● WHAT TO WORK ON
Everything from the line that contains "Pieces paarse dames gilet | Model" through the last line below should be transcribed exactly, except the pictures.

● COLLECTED MATERIAL
-----

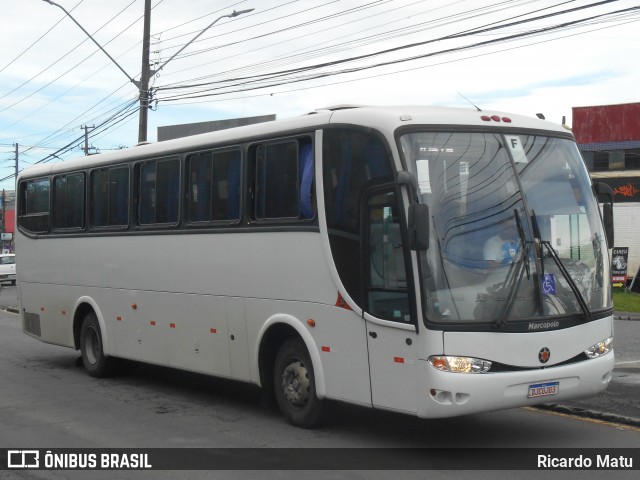 Ônibus Particulares 0903 na cidade de Colombo, Paraná, Brasil, por Ricardo Matu. ID da foto: 12075144.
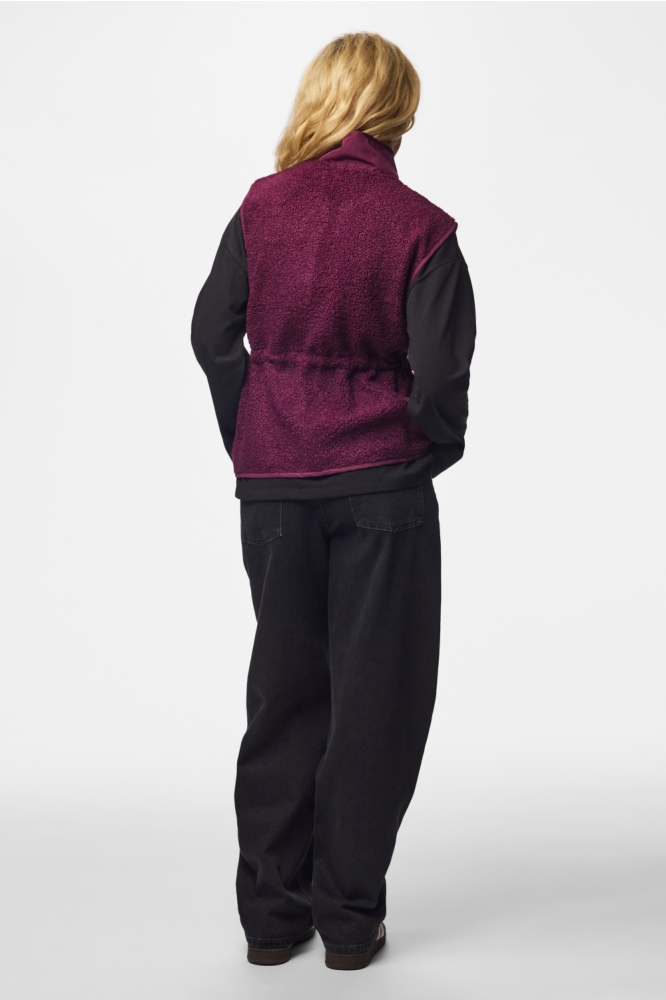 Pieces paarse dames gilet | Model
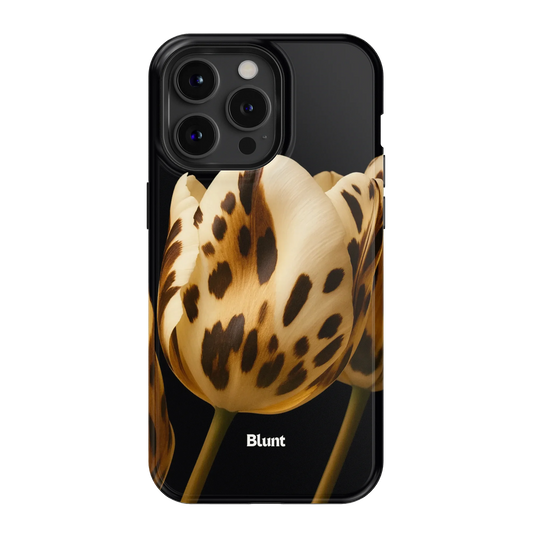 Amber Wild iPhone Case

-----

● ANSWER TO THE PROBLEM
 Pieces paarse dames gilet | Model
 Amber Wild iPhone Case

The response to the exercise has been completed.